It is recess time at daycare. There are a bunch of kids playing on the swings, digging in the sand box, and playing keep-away in the yard. All the kids are playing and having a good time. All except one little boy who is sitting all alone on a bench by himself. This innocent, four-year old little boy had only been going to the day care for about a week. He had to go because his mother now had to work two jobs to help make ends meet. The teachers tried to get others to play with this little boy, but were not successful, so everyday this little boy sat on the bench by himself watching the other kids laugh and have fun playing together. A week passed and he made no friends… not even one.
The next week was a little different. While out on the playground, someone noticed this little boy sitting all one. It was a five-year old boy. Just a year older, but old enough to understand. The older boy had just come back from vacation (he had missed the whole previous week). The older boy had asked his teachers if he could play with the little boy since he was all by himself. As the older boy went over to ask he noticed something a little different about the little boy. Maybe this was the reason why none of the other kids would play with him. You see the little four-year-old boy was boy was born with only three fingers on each hand. As the other kids noticed that he was different, they did not want to pay with him. The five-year-old didn’t care. He asked the little boy if he wanted to play catch with him. For the rest of the afternoon the two boys played out on the playground. They played catch, they pushed each other on the swings, and made sand castles together.
The rest of the summer the boys were best friends. They would eat lunch together and take naps next to each other. At the end of the summer, the little boy moved away. His father had been transferred and it was the last time the two boys ever saw each other.
Today, I still think of the little, four-year-old boy that I met on the daycare playground all those years ago. I still remember his name, Ian. Every now and then, he still comes to mind and I wonder how his life turned out. As a five year old I remember the things that Ian and I did together and how much fun we had. I also remember how hurt he had looked before we became friends. I knew how much his friendship meant to me, that year, and how much it meant to him. I saw Ian as a playmate, as a friend.

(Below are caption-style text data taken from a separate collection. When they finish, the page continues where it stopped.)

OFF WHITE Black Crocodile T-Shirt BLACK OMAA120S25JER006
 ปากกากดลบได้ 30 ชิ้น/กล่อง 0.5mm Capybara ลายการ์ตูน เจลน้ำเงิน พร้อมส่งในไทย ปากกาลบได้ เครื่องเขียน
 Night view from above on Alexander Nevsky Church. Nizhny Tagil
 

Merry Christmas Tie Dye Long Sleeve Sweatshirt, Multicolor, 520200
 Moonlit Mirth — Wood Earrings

Now that I have kids, I see this kindness in them. Becky and I have always tried to teach our kids the importance of treating other with kindness. Our oldest son, Jack, is a great role model of this and Becky and I are very proud of him. We hear all the time from his teachers, parents, and coaches how nice he is. He is one of those kids will take to anyone. He doesn’t care what status they came from, what religion they are, the color of their skin. He told us one day that he like to play with kids that are “nice” to him and to others. His teachers often put him in charge of being the “helper” of the class, to help the children that are being mainstreamed (moving from a special needs classroom to the regular classroom. Jack loves this job and he doesn’t even notice that he is doing anything more than just being a friend. Beau, first grade, is starting down the same path. He is always the one that teachers turn to when someone is new to the class or needs a friend.
Kindness and hate are things that are taught, and taught by those that are closest to us. I learned at a young age that if someone is in need or looks like they are having a hard time, you need to help anyway you can. My parents were those type of people. They were not rich in a monetary sense, but they were rich in love and the love to help other. My parents were the type of people that would give you their last dollar if you asked them for it, and would never ask for it back, even if they needed it.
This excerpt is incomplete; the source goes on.